How We Create Effective Anti-Tobacco TV Campaigns

Communication is a key component of public health and of Vital Strategies’ work. Our organization works to advance the practice of communication and to build the ability of our partners—mostly governments in low- and middle-income countries—to implement strategic communication interventions that shape public support for better health policies and address health behaviors at the population level.

In 2016, we undertook an effort to create a new set of mass media campaign options to offer countries. The goal was to expand our resource library (Media Beacon) with three effective, highly adaptable smoking cessation PSAs that would have the potential to work with audiences around the globe. We needed these PSAs to be gripping—to get through to smokers, and motivate them to consider quitting. We wanted to offer new messages that couldn’t be ignored, that would create a sense of urgency to quit now. Moreover, the creative approach had to feel relevant to people in diverse settings and cultures.

The two most expensive components of an effective campaign are message and creative development, and media buying. Time and again we see the same issues: countries either invest so much in creating material that they don’t have sufficient resources for a media buy; or they don’t invest enough in developing good materials, and their large media planning investment is wasted on ineffective messaging.

To address this, over the years we have worked with partners to adapt successful ads from other countries. This saves tens of thousands of dollars, or more, that can instead be put towards media placement. Starting with successful campaigns from other countries, many of which have had impact with multiple diverse audiences, also gives Ministries of Health a high level of confidence that the materials will be effective.

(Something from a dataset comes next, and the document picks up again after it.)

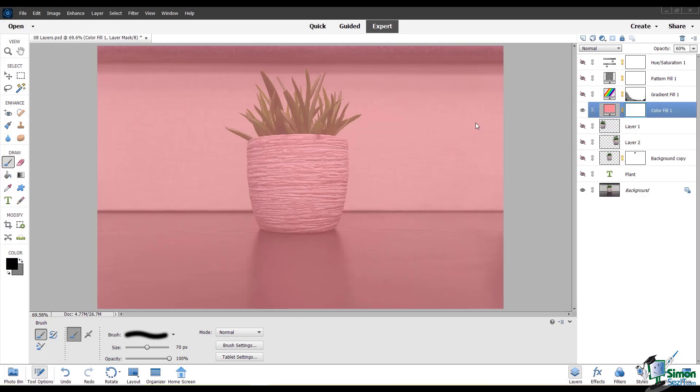In this module, we'll take a look at the blending modes of your layers. These are how the color of one layer will interact with the layers underneath it. You can find blending modes toward the top of the Layers panel on the left here.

We’ve seen great success with these adapted campaigns. Unfortunately, there is a limited assortment of campaign materials that are both effective and easy to adapt. This shortage is what brought us to the current project.

Not only did we want to offer fresh new PSAs for adaptation – we wanted to provide an entire set of media materials to support campaigns where resources are spare: radio, print, digital, billboards. Essentially, we wanted to come up with three distinct campaigns “in a box” that could remove a barrier for tobacco control advocates in countries with many smokers but few resources.

Guided by global best practice in mass media campaigns, we undertook a lengthy and meticulous process to develop and produce three excellent smoking cessation PSAs and campaign resource kits. We knew this would require the expertise of our own team as well as message testing with diverse audiences and a skilled creative and production partner.

We sourced our senior advisory team for their input on the greatest gaps in health harms messaging for smoking cessation. For example, many people understand that smoking causes lung cancer – but fewer know about the risk of stroke, heart disease, and other cancers throughout the body.

We requested proposals from agencies on four continents – teams with track records for creating award-winning public health material. We challenged them each to come up with several plans for campaigns that would have strong enough creative concepts to get through to smokers and be effective across the diverse contexts in which we work.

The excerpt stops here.